→ **Description of the task**:
Return the opening lines of the material, word for word. End with the line that contains "BMW 218 218i".

┌──

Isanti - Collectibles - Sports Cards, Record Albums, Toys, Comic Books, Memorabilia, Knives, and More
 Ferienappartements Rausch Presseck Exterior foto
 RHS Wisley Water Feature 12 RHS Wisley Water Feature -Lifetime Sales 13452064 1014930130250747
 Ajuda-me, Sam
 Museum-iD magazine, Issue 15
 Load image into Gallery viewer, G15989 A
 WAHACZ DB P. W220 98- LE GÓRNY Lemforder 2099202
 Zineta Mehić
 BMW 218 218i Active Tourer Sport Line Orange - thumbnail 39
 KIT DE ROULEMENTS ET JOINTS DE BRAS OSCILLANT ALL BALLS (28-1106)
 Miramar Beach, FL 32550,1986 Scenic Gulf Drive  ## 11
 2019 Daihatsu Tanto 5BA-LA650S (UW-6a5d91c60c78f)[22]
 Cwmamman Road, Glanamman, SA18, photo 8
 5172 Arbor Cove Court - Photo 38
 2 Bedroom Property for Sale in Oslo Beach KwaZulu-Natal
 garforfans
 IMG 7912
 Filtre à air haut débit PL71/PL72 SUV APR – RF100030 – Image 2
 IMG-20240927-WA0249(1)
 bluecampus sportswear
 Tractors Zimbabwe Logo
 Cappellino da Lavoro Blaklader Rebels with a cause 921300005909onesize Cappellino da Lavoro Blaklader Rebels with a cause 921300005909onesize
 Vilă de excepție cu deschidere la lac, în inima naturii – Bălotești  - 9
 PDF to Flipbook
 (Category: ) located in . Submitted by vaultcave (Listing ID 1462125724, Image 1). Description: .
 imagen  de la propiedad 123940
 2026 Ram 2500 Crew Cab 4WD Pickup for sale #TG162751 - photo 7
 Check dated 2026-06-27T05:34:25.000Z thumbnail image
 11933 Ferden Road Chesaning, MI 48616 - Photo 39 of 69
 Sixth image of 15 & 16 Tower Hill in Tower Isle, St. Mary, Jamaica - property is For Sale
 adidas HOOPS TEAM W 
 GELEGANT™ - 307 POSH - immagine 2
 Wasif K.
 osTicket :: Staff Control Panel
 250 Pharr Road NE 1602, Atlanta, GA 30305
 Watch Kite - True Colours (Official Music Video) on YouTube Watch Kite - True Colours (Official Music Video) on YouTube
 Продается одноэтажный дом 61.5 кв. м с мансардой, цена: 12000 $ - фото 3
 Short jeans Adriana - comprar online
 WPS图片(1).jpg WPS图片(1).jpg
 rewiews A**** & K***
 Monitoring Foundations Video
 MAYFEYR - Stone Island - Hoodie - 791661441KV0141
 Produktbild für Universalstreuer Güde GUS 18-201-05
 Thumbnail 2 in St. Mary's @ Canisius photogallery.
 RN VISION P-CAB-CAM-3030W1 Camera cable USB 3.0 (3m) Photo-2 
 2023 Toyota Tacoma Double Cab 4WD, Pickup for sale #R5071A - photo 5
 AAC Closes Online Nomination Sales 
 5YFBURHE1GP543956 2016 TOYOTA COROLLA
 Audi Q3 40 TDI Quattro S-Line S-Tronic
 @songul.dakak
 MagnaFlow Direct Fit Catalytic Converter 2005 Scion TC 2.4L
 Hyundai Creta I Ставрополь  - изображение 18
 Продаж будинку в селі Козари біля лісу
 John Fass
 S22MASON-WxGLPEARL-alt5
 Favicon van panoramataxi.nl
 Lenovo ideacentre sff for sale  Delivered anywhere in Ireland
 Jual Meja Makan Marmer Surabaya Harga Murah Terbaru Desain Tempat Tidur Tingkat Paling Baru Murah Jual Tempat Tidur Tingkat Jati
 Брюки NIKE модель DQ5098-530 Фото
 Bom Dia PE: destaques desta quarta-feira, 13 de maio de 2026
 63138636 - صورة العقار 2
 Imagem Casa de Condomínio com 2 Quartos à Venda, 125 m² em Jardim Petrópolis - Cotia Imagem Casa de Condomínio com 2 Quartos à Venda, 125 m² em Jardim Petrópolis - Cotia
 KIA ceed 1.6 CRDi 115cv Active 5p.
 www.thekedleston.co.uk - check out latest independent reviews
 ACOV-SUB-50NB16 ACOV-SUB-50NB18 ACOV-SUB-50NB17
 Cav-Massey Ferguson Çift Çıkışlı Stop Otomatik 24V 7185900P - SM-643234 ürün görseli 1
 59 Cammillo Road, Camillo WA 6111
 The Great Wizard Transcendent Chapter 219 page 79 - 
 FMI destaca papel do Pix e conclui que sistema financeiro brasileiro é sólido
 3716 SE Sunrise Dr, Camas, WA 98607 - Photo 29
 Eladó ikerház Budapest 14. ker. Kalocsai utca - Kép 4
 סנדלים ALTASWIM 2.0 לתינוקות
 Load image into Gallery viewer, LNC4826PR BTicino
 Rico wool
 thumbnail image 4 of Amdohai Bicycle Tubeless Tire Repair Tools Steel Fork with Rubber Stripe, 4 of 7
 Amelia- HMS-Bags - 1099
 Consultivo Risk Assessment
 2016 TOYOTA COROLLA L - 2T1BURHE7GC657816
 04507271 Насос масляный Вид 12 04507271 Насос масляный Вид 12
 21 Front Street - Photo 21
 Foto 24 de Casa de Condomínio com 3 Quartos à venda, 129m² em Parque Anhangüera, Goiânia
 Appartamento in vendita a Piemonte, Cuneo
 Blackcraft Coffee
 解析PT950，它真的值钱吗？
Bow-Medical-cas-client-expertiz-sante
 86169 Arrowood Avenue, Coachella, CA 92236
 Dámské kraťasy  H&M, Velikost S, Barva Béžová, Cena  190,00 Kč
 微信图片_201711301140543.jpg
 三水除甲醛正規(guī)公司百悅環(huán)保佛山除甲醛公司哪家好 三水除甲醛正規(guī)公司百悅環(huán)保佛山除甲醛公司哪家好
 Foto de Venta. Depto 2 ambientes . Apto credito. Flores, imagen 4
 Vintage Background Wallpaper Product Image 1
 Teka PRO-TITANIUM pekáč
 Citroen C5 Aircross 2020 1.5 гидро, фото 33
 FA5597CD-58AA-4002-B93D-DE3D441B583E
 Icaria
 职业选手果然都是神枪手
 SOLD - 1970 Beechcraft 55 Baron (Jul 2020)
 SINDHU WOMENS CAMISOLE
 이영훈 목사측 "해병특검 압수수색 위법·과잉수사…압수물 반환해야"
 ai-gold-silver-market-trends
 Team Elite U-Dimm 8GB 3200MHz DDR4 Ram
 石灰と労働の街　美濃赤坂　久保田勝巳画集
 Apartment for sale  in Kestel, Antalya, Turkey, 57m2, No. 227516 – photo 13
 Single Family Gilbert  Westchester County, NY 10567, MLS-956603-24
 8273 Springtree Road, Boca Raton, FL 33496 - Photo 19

└──

→ **Exercise output**:
Isanti - Collectibles - Sports Cards, Record Albums, Toys, Comic Books, Memorabilia, Knives, and More
 Ferienappartements Rausch Presseck Exterior foto
 RHS Wisley Water Feature 12 RHS Wisley Water Feature -Lifetime Sales 13452064 1014930130250747
 Ajuda-me, Sam
 Museum-iD magazine, Issue 15
 Load image into Gallery viewer, G15989 A
 WAHACZ DB P. W220 98- LE GÓRNY Lemforder 2099202
 Zineta Mehić
 BMW 218 218i Active Tourer Sport Line Orange - thumbnail 39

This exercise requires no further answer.